**Dataset excerpt:**
====================

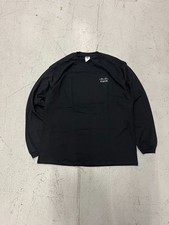 Vintage Cisco Catalyst 6500 Whitney 1 Graphic Shirt LARGE Black Long Sleeve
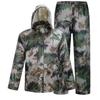Senhao Digital Oxford Split Rain Suit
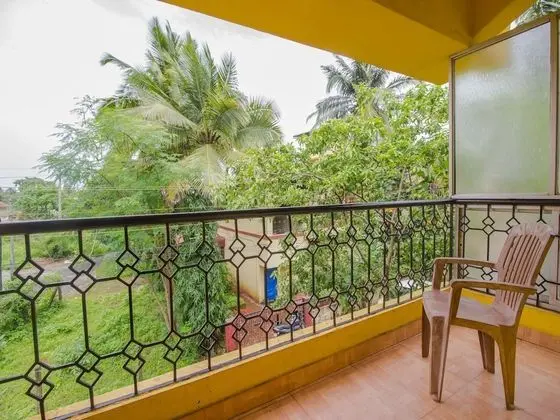 OYO 16137 Home Minaret Studios Porvorim - Oda Düzeni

====================

**Description of the task:** The material above must be printed exactly, with its pictures left out.

**Output of the exercise:**
 Vintage Cisco Catalyst 6500 Whitney 1 Graphic Shirt LARGE Black Long Sleeve
Senhao Digital Oxford Split Rain Suit
 OYO 16137 Home Minaret Studios Porvorim - Oda Düzeni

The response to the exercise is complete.